The Appellant then appealed to the Court of Appeal with the sole issue being whether the High Court judge had erred in holding that the loss did not qualify for deduction under s 14(1) of the Act.

A plain reading of s14 (1) would suggest that employee defalcations would not usually be considered as an “outgoing” or “expense” which is “wholly and exclusively incurred…in the production of income”.

Case law, however, indicates a different approach when addressing employee defalcations, and courts (across jurisdictions) have, in fact, allowed deductions in so far as defalcations by employees who do not have overriding power or control in their respective organisations are concerned (eg a cashier taking funds from an employer’s till). This is based on the fact that such defalcations are an inevitable fact of commercial life in general and the conducting of the business concerned in particular. Put simply, the granting of such deductions is premised on commercial reality.

The situation is radically different where defalcations are effected by employees who have overriding power or control in their respective organisations. Checks and balances can, and ought to, be in place to prevent such overriding power or control from being abused by the employee concerned, hence resulting in the defalcations perpetrated by that employee.

If a sufficient system of checks and balances has been put in place by the taxpayer and defalcations nevertheless occur as a result of an employee still managing to abuse his or her position of overriding power and control, the court would generally permit a deduction for such defalcations under s 14. Conversely, if the taxpayer does not put in place a sufficient set of checks and balances with the result that overriding power or control is abused by the employee concerned, then it is logical, fair as well as commonsensical, for the taxpayer to be refused a deduction for such defalcations under s 14.

The onus of demonstrating to the relevant tax authorities that the employee concerned was not placed in a position of overriding power or control or that, if he or she had been so placed, that a sufficient system of checks and balances had indeed been instituted, notwithstanding the fact defalcations had still been effected by the employee concerned, lies on the taxpayer concerned.

The High Court had, when disallowing the deduction, relied on the criminal proceedings against the Ex-MD to conclude that the Ex-MD was in a position of overriding power and control. The Appellant, however, was not a party to the criminal proceedings and therefore did not have the opportunity, inter alia, to proffer evidence as to whether or not it had, in fact, instituted a proper system of checks and balances. It had also not been given the opportunity to challenge the findings of the court in the criminal proceedings that the Ex-MD did possess overriding power or control in the first place.

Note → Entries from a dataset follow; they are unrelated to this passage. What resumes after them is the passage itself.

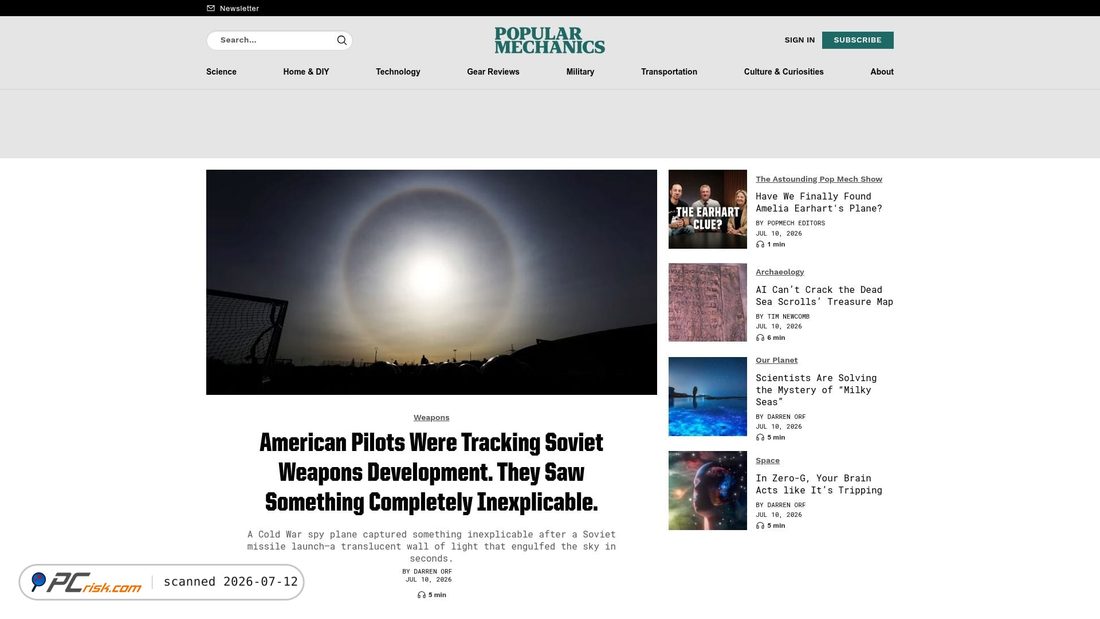 Screenshot of popularmechanics.com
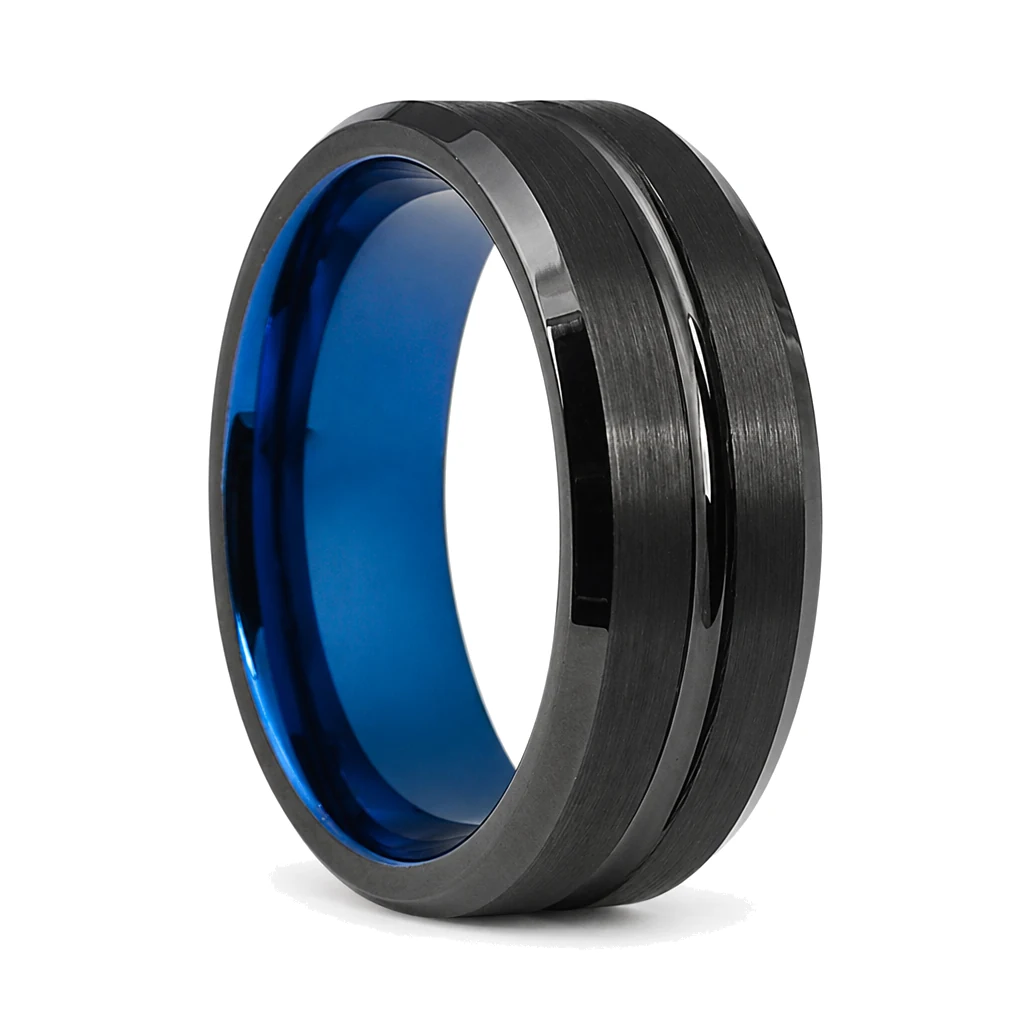 Black Tungsten 8mm Men's Ring With Blue Inner Band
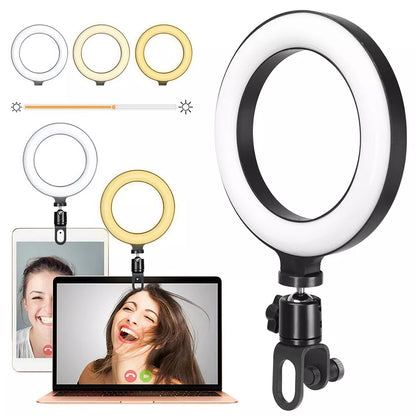 LED Ring Light 16cm With Adjustable Clip For Video Live Streaming - Available at 2Fast2See.co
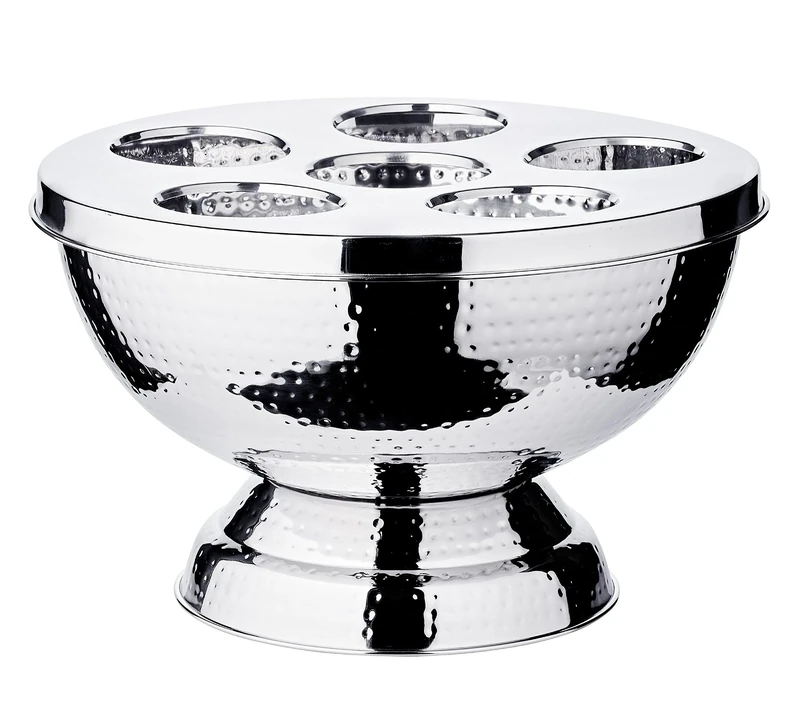 EDZARD Champagne Cooler Rockford, Stainless Steel, Outside Hammered, Height 9,8 in, Ø 16,1 in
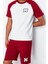 Erkek Pamuk Bisiklet Yaka Kısa Kol Ekru Nakışlı Reglan Kol Örme Şortlu Pijama Takımı 3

The Court of Appeal therefore held that it would be just and fair for the proceedings to be remitted to the Board in order for the necessary evidence to be adduced with regard to whether the Ex-MD was in a position of overriding power or control for the purposes of the present (civil) proceedings and, if so, whether a sufficient system of checks and balances had been put in place by the Appellant on the facts of this particular case. The Board should then proceed to render a decision in accordance with the “overriding power or control” test.

The above judgement was delivered on 16 January 2013.